CADCentre became a private company in 1983, was the subject of a management buyout in 1994 under the leadership of its first managing director, Dr. Bob Bishop, and became a publicly quoted company in 1996. It changed its name to AVEVA in 2001.

===Acquisitions===
- On 21 April 2004, the company acquired Tribon Solutions, a global supplier of the "Tribon" naval architecture software for shipbuilding and marine design, for US$35 million. The acquisition was completed on 19 May 2004. Tribon was originally developed by Kockum Computer Systems (KCS) for designing commercial and naval vessels. KCS was spun off from Kockums shipyards as an independent company, later renamed Tribon Systems. The Tribon family of programs create a common set of databases containing the design details of the ship.
- On 31 March 2005, the company acquired Realitywave, Inc., developers of a web collaboration and streaming platform, for £3.2 million.
- On 30 March 2009, AVEVA announced the acquisition of iDesignOffice Pty Ltd, an instrumentation engineering technology company based in Melbourne, Australia, specialising in products for plant and marine industries.
- On 3 June 2010, AVEVA Solutions Ltd, a wholly owned unit of AVEVA Group plc, announced the acquisition of Logimatic's MARS business from Logimatic Holdings A/S for £12.8 million. This acquisition was completed on 30 June 2010, and MARS products and services were merged into AVEVA's Enterprise Solutions Group and aligned with its flagship AVEVA NET solution.
- On 3 June 2010, AVEVA Solutions Ltd acquired the oil and gas business from ADB Systemer AS, a Sola-based provider of operations integrity management software aimed at owner operators in the oil and gas industry.
- On 3 October 2011, AVEVA announced the acquisition of LFM (Light Form Modeller) software division of Z+F UK Limited, which allowed it to expand into the 3D data capture market.
- On 23 May 2012, AVEVA announced the acquisition of the Belgium and Germany-based Bocad group of companies, a provider of building information modeling software for £14 million. The acquisition strengthened AVEVA's 3D structural detailing capabilities for the plant, marine and construction markets.
- On 17 December 2012, AVEVA announced the acquisition of all assets relating to the advanced visualisation and simulation software of Huntsville, Alabama-based Global Majic Software, Inc.
- On 5 January 2015, AVEVA announced the acquisition of Derry based 8over8 Limited for £26.9 million. 8over8 provides contract risk management software - ProCon - for the oil, gas and mining, and other infrastructure industries.
- On 8 February 2018, AVEVA announced the acquisition of the intellectual property rights of EDD and PDMSi software developed by Shell International Exploration and Production Inc., a member of the Royal Dutch Shell plc group.
- On 5 April 2019, AVEVA announced the acquisition of the software assets of MaxGrip B.V. to extend its Asset Performance Management (APM) solutions.
- On 26 March 2020, AVEVA announced the acquisition of South Korea-based production accounting solution provider MESEnter software to complement its value chain optimisation solution.
- On 25 August 2020, AVEVA announced an agreement to acquire OSIsoft for US$5 billion in one of the largest deals made by a UK-based technology company. The acquisition was completed on 19 March 2021 for a final consideration of £3,831.4 million.

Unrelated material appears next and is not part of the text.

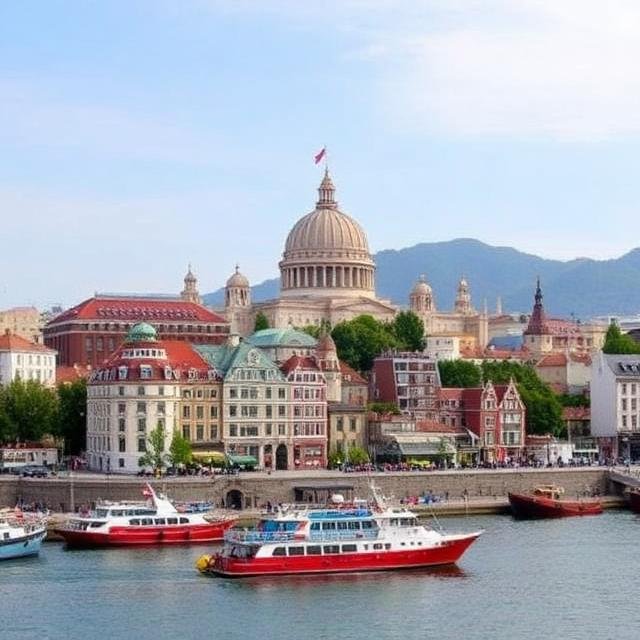 Best Places to Travel with Low Budget: Hidden Gems and Iconic Cities Worldwide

=== Schneider Electric's industrial software business combines with AVEVA ===
On 1 March 2018, AVEVA agreed to merge with France-based Schneider Electric's industrial software business in a multi-step reverse takeover. Schneider Electric became the largest shareholder with a 60% ownership interest.

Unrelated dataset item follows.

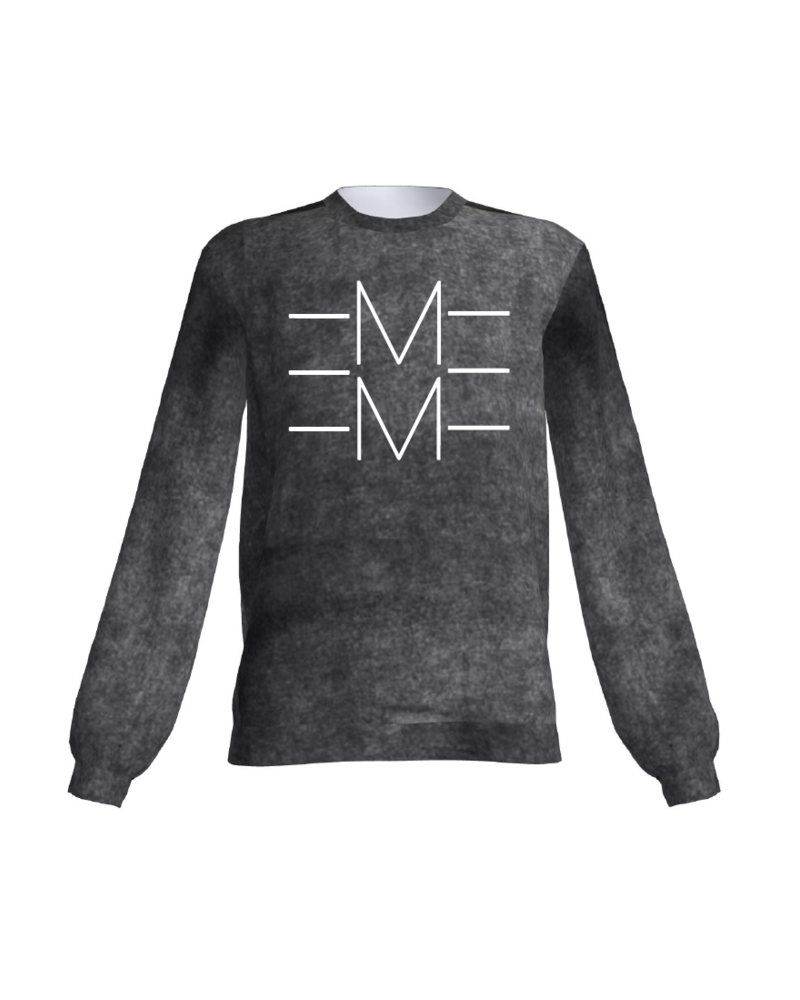 EMME SWEATSHIRT ACID WASH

On 21 September 2022, Schneider agreed to a full takeover of AVEVA by paying about £3.87 billion (US$4.4 billion) for the remaining equity, valuing the whole of AVEVA at around £9.48 billion (US$10.8 billion). The company confirmed that the final day of trading in its shares prior to completion of the takeover would be 17 January 2023. On 18 January Schneider completed the acquisition of AVEVA.

==Stadium==

In 2019 in Houston, Texas, a new stadium bearing the company's name was inaugurated and became home of the professional rugby team the Houston SaberCats.